In response, Vitter called Reid "an old-time Vegas mafia thug" in a statement to Politico. Then, on Friday, Vitter homed in on another aspect of the story, which said Democrats were considering tying members' health benefits to their voting records, to accuse Reid and Sen. Barbara Boxer (D-Calif.) of bribery.
Vitter wrote to the Senate Ethics Committee requesting an investigation and asking that Boxer recuse herself from chairing the committee. It is unclear how he decided to target those two senators, although he and Boxer have frequently butted heads from their posts atop the Environment and Public Works Committee. Requests for comment to Vitter's office went unreturned Friday.
"Senator Vitter's charges are absurd and baseless," said Kristen Orthman, a spokeswoman for Reid, in an email Friday. "This is nothing more than Senator Vitter's desperate attempt to change the subject from his previous ethics issues."
In a statement, Boxer called the accusations "a bizarre and phony attack that demeans the Senate."
The amped-up acrimony is leading most observers to predict the energy bill will not survive. Reid said Thursday that negotiations would continue, but there is little time left for the Senate to work on the bill amid the higher priority of preventing a government shutdown before Oct. 1 and the possibility that the chamber will be forced to return its attention to Syria.
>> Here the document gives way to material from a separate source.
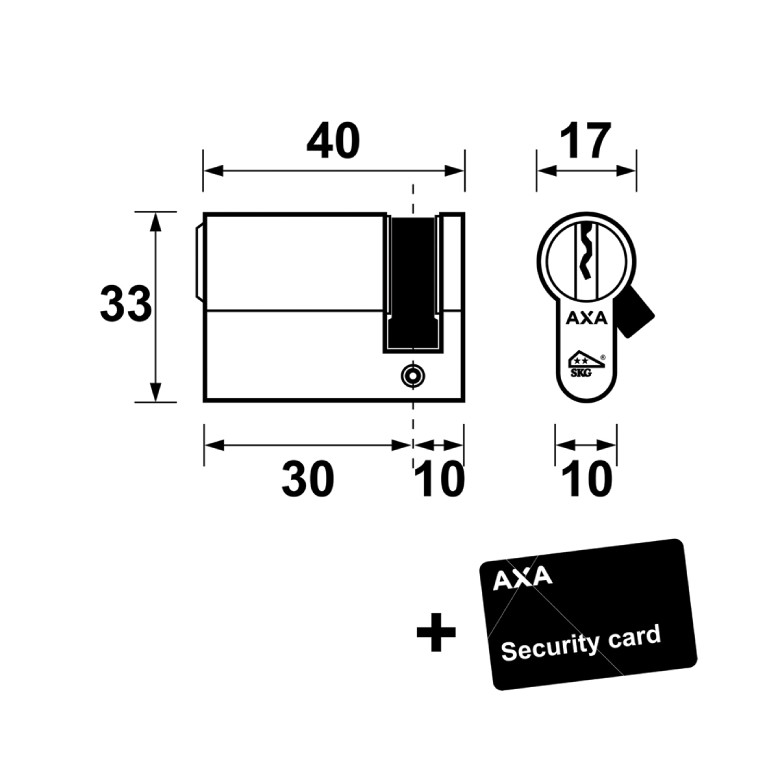 AXA Halve Cilinder Ultimate Security SKG 2 ** Gelijksluitend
Reid could file for cloture to cut off debate, or he could "fill the tree" to prevent amendments like Vitter's from coming up. But that would require Republican support to get 60 votes, and GOP senators typically object to efforts to limit debate on amendments. Plus, aside from Vitter's sideshow, dozens of senators are seeking votes on amendments that actually relate to energy policy, and part of the deal to bring it to the floor involved pledging a robust amendment debate.
"It's not unprecedented for some members of Congress to play this obstruction game of bringing up something that's clearly irrelevant and getting in the way of progress. And that's exactly what's happening," said Franz Matzner, associate director of government affairs for the Natural Resources Defense Council.
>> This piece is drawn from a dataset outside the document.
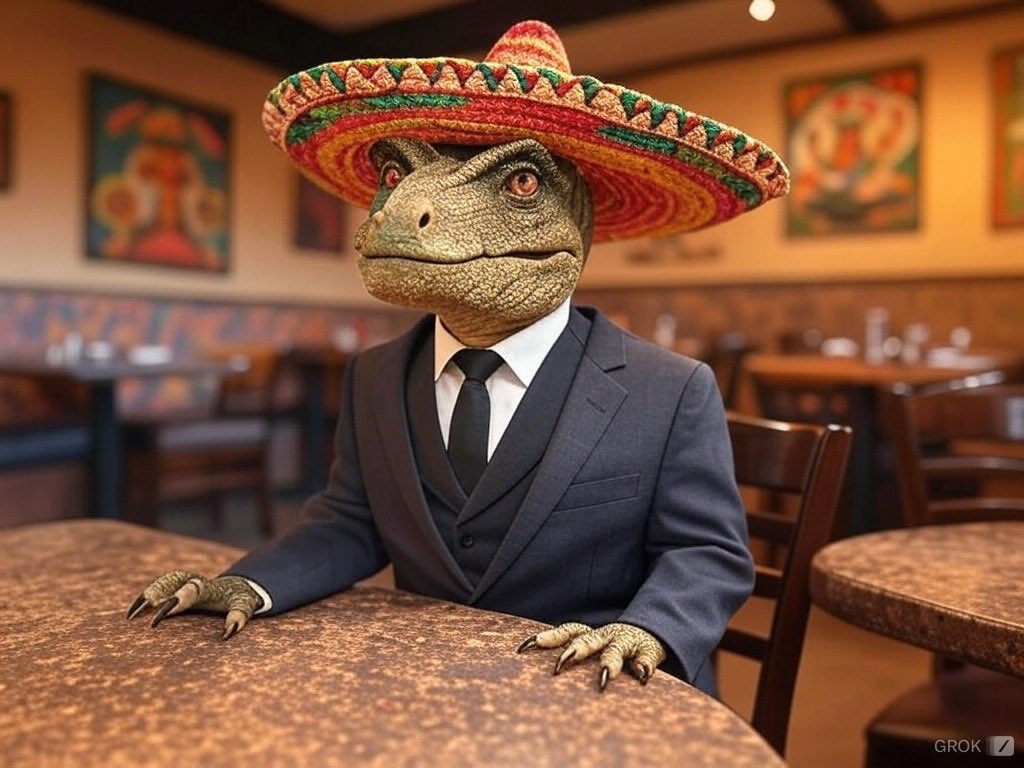 JosexAguilar's tweet photo. Of course, I couldn’t stop there.

I decided to further evolve this concept.

I give you Dinosaur in a sombrero and a suit in a Mexican restaurant. https://t.co/I82Q90nlHL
"Sometimes that means that nothing gets done," he said.
The irony is that the Shaheen-Portman bill, S. 1392, was tailor-made to avoid such partisan infighting and gained outsized prominence in the Senate precisely because of its broad appeal with outside interest groups ranging from the National Association of Manufacturers to the Sierra Club lining up in support.
First introduced more than two years ago, the bill was gradually whittled down to appease senators' objections. A loan guarantee provision was eliminated in the post-Solyndra backlash to such schemes, then the state grant program that replaced it fell to the sidelines when deficit hawks noticed it would increase government spending. A leading argument for the bill became what it did not include: federal mandates on the private sector.
"This bill highlights all that is wrong with the Senate right now," said Jim Manley, a former senior adviser to Reid. "It was crafted on a bipartisan basis. It was refined further when objections were made by Republicans to try and make it as acceptable as possible. They waited a long time to get some floor time, and now that it's here, it's being hijacked."
Democratic aides and their allies said the best way to break the logjam would be for Portman to get more involved in urging Vitter to drop his objections. But so far, Portman has shown no signs of wanting to do that. In remarks from the Senate floor last week, Portman said he hoped to find a way forward but stressed that Vitter deserves a vote on his amendment.
"I think we need to figure out how to resolve the health care issue in a way that does permit this chamber to have its voice heard but then get back to this underlying legislation and to these amendments," Portman said Thursday.
In the same vein, some of the more conservative interest groups supporting the underlying Shaheen-Portman bill seem to be largely staying out of the Vitter spat. Jamie Hennigan, a spokesman for the manufacturers, said in an email, "The NAM has remained neutral on the amendment process up until now and will continue to do so."
Republican aides say the blame for the impasse lies at the feet of Reid and the Democrats. They should just let the vote happen and move on, GOP sources say, arguing that they have been stymied many times before in efforts to force tough votes.
At the end of the day, Vitter's gambit seems likely to fail. While Vitter has shown himself willing to shoot the hostage he took, it does not seem that Senate Democrats value the bill more than the ransom they are being asked to pay in the form of yet another Obamacare vote.
While nearly everyone likes the bill, there's just not enough in its few dozen pages -- setting voluntary building codes, establishing industrial assistance program and ordering federal agencies to reduce their energy use -- to give it anything close to must-pass status.
It was designed to be small, an effort to "put some points on the board," as Sen. Ron Wyden (D-Ore.) said time and time again last week -- and to demonstrate that the Senate could pass an energy bill for the first time since 2007. If it passed, supporters said, maybe that would herald hope for a new era of small-bore energy bills that could make it through a fractured Congress.
"If this bill can't get through the Congress," said former Sen. Byron Dorgan (D-N.D.), co-chairman of the Bipartisan Policy Center's Energy Project, "then it just describes for the American people how impossible it is to get anything through."